10.1 The Symbolic Era (1950s-1980s)
The Dream of Machine Intelligence
The story begins with Alan Turing's 1950 paper "Computing Machinery and Intelligence", which posed the question that still drives AI research: Can machines think?
Turing proposed what we now call the Turing Test: a machine passes if a human interrogator, communicating only through text, cannot reliably distinguish it from a human. This framing was remarkably prescient—it anticipated that language would be central to machine intelligence.
"I propose to consider the question, 'Can machines think?' This should begin with definitions of the meaning of the terms 'machine' and 'think.'"
— Alan Turing, Computing Machinery and Intelligence (1950)
ELIZA: The First Chatbot (1966)
Joseph Weizenbaum at MIT created ELIZA, one of the first programs to engage in human-like conversation. ELIZA simulated a Rogerian psychotherapist using simple pattern matching and substitution rules.

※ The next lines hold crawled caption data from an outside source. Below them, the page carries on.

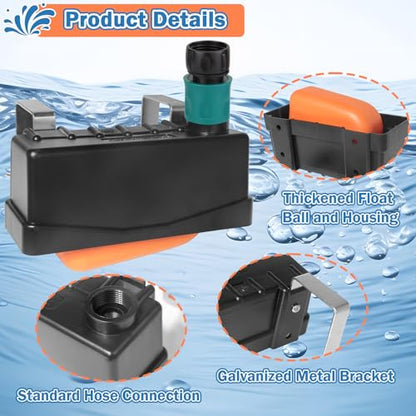 Water Trough Float Valve Livestock Stock Tank Float Valve for Water Tank of Pond Farm Livestock Cattle Goat Horse Pool,2PCS Automatic Control Waterer Level with Hose Connector - style: Stock Tank Float Valve with Connector-2PCS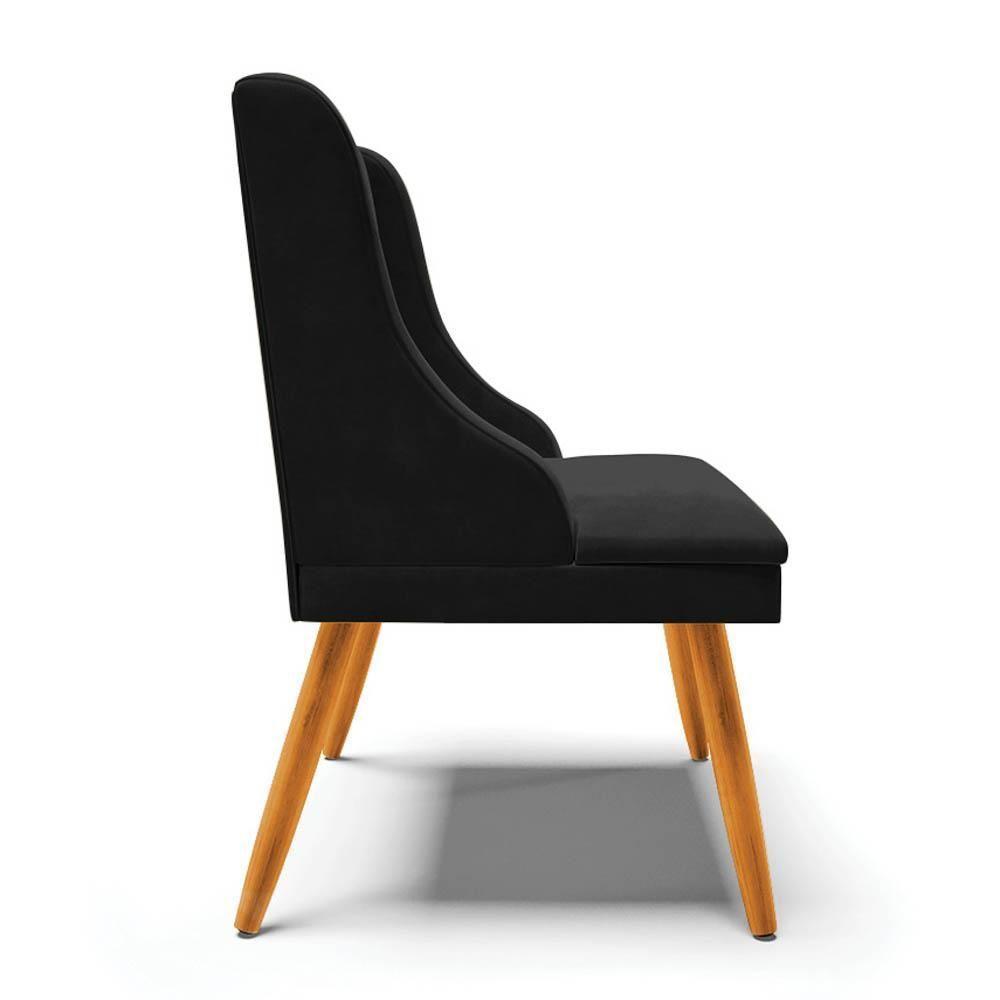 Kit 6 Cadeiras Estofadas Para Sala De Jantar Pés Palito Lia Suede Preto - Ibiza - 6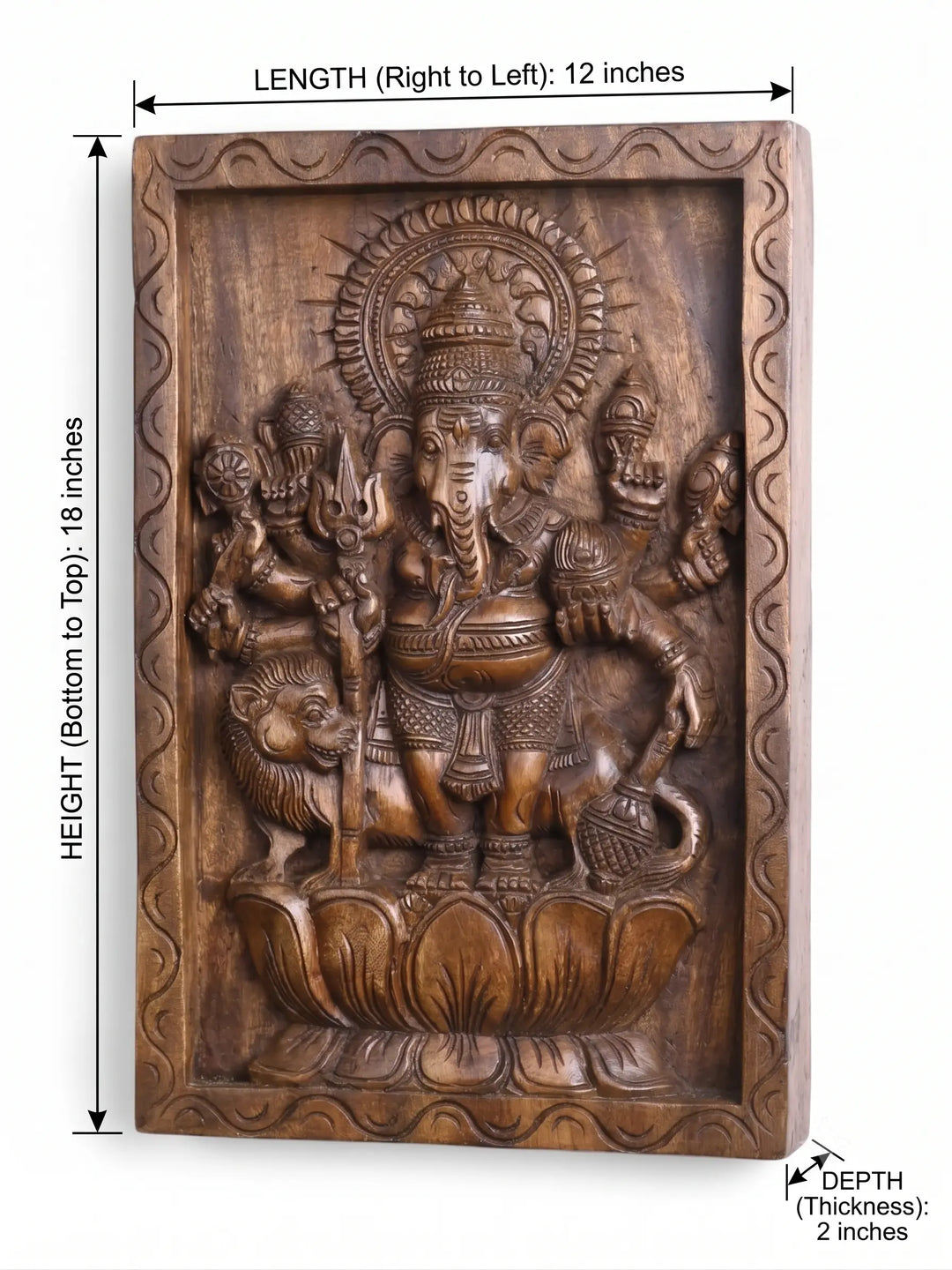 Intricately carved Thiristi Ganesh by Indian artisans-Ganapathi wall mount 18"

# A typical ELIZA conversation
User: I am feeling sad today.
ELIZA: I am sorry to hear you are feeling sad today.
User: My mother doesn't understand me.
ELIZA: Tell me more about your family.
User: I think you don't really understand me either.
ELIZA: What makes you think I don't really understand you?
ELIZA worked by matching keywords ("mother" โ family topic) and transforming sentences with templates. It had no understanding whatsoever—just clever rules. Yet users found it surprisingly engaging, a phenomenon Weizenbaum called the "ELIZA effect."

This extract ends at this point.